Tenho me referido à importância da I Consocial, a Conferência Nacional sobre Transparência e Controle Social, realizada em meados de maio deste ano, em Brasília, como um marco no processo da difícil, porém não impossível, superação de nossa cultura de impunidade por uma cultura de plena cidadania. O saldo das discussões nas dezoito comissões, durante três dias inteiros, foi extremamente positivo. Foram mais de 1.200 participantes encarregados de transformar as 3.400 propostas nas 80 diretrizes finais que irão subsidiar um Plano Nacional sobre Transparência e Controle Social.
A proposta recordista, com 970 votos,trata de uma questão fundamental que, se não enfrentada por nossos parlamentares na comissão especial de reforma política do Congresso Nacional, será seguramente priorizada e tematizada como campanha das organizações da sociedade civil brasileira. Seu objetivo é o de “instituir o financiamento exclusivamente público para campanhas eleitorais, com um valor limitado e igual para todos”. A resolução pretende, também, suspender os direitos políticos dos candidatos que insistirem em usar financiamentos privados. Pode-se até discordar do “exclusivamente”, mas a identificação da origem de nossas mazelas de representação política foi exemplarmente feita e consensuada.
Mas outras propostas também tiveram excelente votação. É o caso da que prevê a regulamentação, em todos os níveis da Federação, que toda e qualquer publicação de dados públicos na web seja em formato aberto (ou seja, livre de direitos ou royalties de uso), definindo planos anuais com cronogramas, aspectos técnicos, responsabilidades, indicadores e metas de abertura de dados, para facilitar sua obtenção, análise e reaproveitamento pela sociedade. Ou a proposta que prevê mais transparência no poder Judiciário, com obrigatoriedade de divulgação de prestação de contas, carga horária, folha de remuneração e outras informações de magistrados e serventuários da justiça.
Vale também comentar a aprovação da proposta, com 687 votos, que prevê a inclusão das disciplinas ligadas à cidadania na grade curricular do ensino público nacional em todos os níveis, e que dão bem a medida de discernimento que a cidadania demonstra, ao contrário dos esquerdistas apressados que baniram a disciplina sob a alegação de doutrinação da ditadura, jogando fora a criança com a água do banho. Outras propostas importantes selecionadas são as que incluem a corrupção como crime hediondo, a que acaba com o foro privilegiado de parlamentares e a que determina o fim do voto secreto nas votações nos legislativos em todas as esferas. Sem dúvida, um grande marco na evolução da cultura de cidadania no Brasil e que mostrou um inédito trabalho conjunto entre representantes do poder público (30% dos participantes), da sociedade civil (60%) e dos conselhos de políticas públicas (10%).

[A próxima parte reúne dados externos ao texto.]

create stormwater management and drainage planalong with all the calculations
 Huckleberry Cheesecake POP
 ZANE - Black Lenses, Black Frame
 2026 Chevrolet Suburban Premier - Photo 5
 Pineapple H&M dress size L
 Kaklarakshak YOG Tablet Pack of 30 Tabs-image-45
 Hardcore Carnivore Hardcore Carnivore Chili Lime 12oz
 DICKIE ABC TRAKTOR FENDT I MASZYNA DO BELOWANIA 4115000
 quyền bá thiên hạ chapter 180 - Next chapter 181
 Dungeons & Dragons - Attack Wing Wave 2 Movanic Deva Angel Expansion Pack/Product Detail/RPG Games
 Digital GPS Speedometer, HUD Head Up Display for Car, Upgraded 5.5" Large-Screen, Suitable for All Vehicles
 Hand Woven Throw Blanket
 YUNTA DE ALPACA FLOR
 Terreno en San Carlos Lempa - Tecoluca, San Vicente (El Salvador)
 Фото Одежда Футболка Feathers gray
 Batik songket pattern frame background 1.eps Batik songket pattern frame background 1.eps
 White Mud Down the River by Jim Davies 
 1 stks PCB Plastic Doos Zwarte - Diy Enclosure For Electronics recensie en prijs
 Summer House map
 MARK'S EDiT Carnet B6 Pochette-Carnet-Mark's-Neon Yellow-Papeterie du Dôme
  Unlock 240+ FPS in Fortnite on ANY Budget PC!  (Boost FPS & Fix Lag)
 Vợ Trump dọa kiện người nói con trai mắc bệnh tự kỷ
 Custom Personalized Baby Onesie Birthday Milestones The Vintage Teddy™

Mas, para além de uma das propostas mais votadas, com 385 votos, e que reputo uma das mais estratégicas, ressalto aqui a que trata de uma grande reforma nos órgãos de controle externo e interno do poder público. A importância disso é óbvia. Sem órgãos independentes, autônomos, livres do jogo político-partidário nem sempre transparente e ético, o uso adequado do meu, do seu, do nosso dinheiro nem sempre é respeitado. A proposta é extensa e engloba os mais variados dispositivos, como a proibição da liberação de verbas para obras licitadas antes de o projeto executivo estar finalizado; e a criação de um plano de prevenção à corrupção, com metas a cumprir por parte dos ministérios e secretarias estaduais e municipais.
Além das disposições que, indo mais além,prevêem mudanças de critérios para a indicação de ministros e conselheiros dos tribunais de contas da União e dos estados, dos chefes do Ministério Público e da Defensoria Pública da União e dos estados, sem que seja feita através de indicação do Poder Executivo. A ideia é dar aos órgãos mais autonomia na escolha de profissionais de carreira e concursadospara as instituições e, assim, propiciar maior eficiência, agilidade e independência nos processos. Não custa nada lembrar casos explícitos de nepotismo ou, no mínimo, pressão política indevida sobre esses órgãos, como a escolha da mãe do governador de Pernambuco Eduardo Campos, Ana Arraes, para o conselho do Tribunal de Contas da União ou, em outro caso recente, a mulher do governador do Piauí, Wilson Dias, ungida para o conselho do Tribunal de Contas do Estado, onde irá vigiar os gastos do próprio marido. Ou seja, é cada vez mais necessário que nossos legisladores compreendam de vez o grande recado desta Consocial, sobretudo no que se refere aos órgãos de controle. A cidadania quer, ou melhor, exige, maior efetividade e mais rigor na estruturação e na ação dos órgãos públicos responsáveis pela fiscalização dos recursos públicos, como a CGU, o TCU e o próprio MPU.